Apenas em Monte Alegre, por exemplo, há cerca de mil hectares do plantio, sob o trabalho de 600 famílias, que chegam a ter lucro de até 60%, mesmo vendendo para atravessadores de atravessadores, os quais levam quase toda a produção para Manaus, no Amazonas.
“E é um mercado em franca expansão. Pensamos que, se a produção for organizada, com a constituição de associações e cooperativas e a programação da colheita, e tecnologias forem aplicadas, os produtores podem eliminar alguns níveis de atravessadores e fornecer para a merenda escolar e para o PAA [Programa de Aquisição de Alimentos], entre outros caminhos, alcançando um lucro superior a 100%”, indica o supervisor regional da Emater, o técnico agrícola e veterinário Alain Xavier.
Ministradas por especialistas da Emater do escritório local de Capitão-Poço, município do nordeste do estado com grande expressão na área de citrus, as aulas, teóricas e práticas, acontecerão na sede da Escola de Educação Tecnológica do Pará (Eetepa) de Monte Alegre e em propriedades particulares também dali.
Participarão 15 técnicos da própria Emater e 25 de instituições parceiras, como Prefeitura e Fundação Orsa. O objetivo maior é atualizar quanto às novas tecnologias, preparando inclusive para fazer funcionar um packing house, máquina industrial de lavagem, seleção e tratamento de frutos, que a Secretaria Municipal de Agricultura (Semagri) adquiriu ano passado, para uso comunitário. Nessa palestra específica, em torno de 200 agricultores estarão presentes.
Além disso, o curso pretende orientar quanto ao combate à fumagina, doença que mancha a casca do limão, com forte incidência no Baixo Amazonas.

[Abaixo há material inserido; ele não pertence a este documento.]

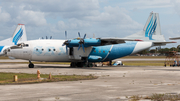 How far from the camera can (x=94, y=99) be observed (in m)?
11.7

“Como o limão surgiu na região feito um plantio de fundo-de-quintal, com tentativas muito de boca-a-boca, os agricultores adotaram quaisquer métodos, sem atentar para questões cruciais, como preparo de área, espaçamento, adubação e irrigação, o que repercute na produtividade e no controle de pragas e doenças. Assim, identificamos uma necessidade imediata de melhorar o conhecimento dos técnicos da Emater a respeito das tecnologias possíveis de sistema de plantio e beneficiamento e de inserir os agricultores nesse contexto de profissionalização”, explica Xavier.